Dégradation de la situation économique de l’entreprise : que peuvent faire les élus ?


Si le refus de certification de ses comptes par son Commissaire aux comptes est un événement grave pour une entreprise, plusieurs indices peuvent alerter les élus sur la situation économique de la société :

  • ­baisse importante du chiffre d’affaires,

  • ­fort endettement,

  • ­non-tenue des réunions du CSE,

  • ­retards réitérés du paiement des salaires,

  • ­perte de clients importants,

  • ­délocalisation de la production,

  • ­hausse anormale des stocks, …

Parce qu’ils ont un devoir légal de vigilance, les élus peuvent tirer une sonnette d’alarme quand de tels événements surviennent. Ils peuvent déclencher un droit d’alerte économique, comme ce fut le cas en mai dernier pour les élus du Comité Central d’Entreprise d’Auchan face au projet de fermeture de 21 sites devant entrainer plus de 700 licenciements.

Comment s’exprime ce droit ? Tout d’abord, en inscrivant ce point à l’ordre du jour de la prochaine réunion du CSE, du CCE ou du CE ; lequel ne peut être refusé par l’employeur. L’instance lui remettra un document faisant état des faits qu’elle considère comme « préoccupants » et une liste de questions conséquentes pour mieux comprendre l’importance des difficultés et les solutions envisagées. A cette demande, la Direction sera tenue de lui fournir des explications claires et loyales sur la situation et les mesures mises en œuvre pour faire face aux difficultés constatées.
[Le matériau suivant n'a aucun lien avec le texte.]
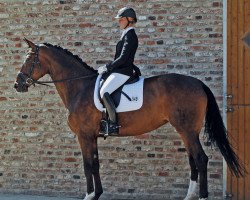 dressage horse Delice G (Rhinelander, 2007, from Don Marco 3)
Si vous êtes concernés, n’hésitez pas à poser des questions très précises, voire à multiplier les réunions si nécessaire. Il est essentiel de mettre en relief le faisceau d’indices qui permet de matérialiser le côté « préoccupant » de la situation. Selon la qualité de réponse de la Direction ou si les inquiétudes sont avérées, le CSE devra rédiger un rapport sur la situation et émettre un avis sur l’opportunité de saisir les organes de gouvernance, afin que l’alerte soit transmise aux instances dirigeantes.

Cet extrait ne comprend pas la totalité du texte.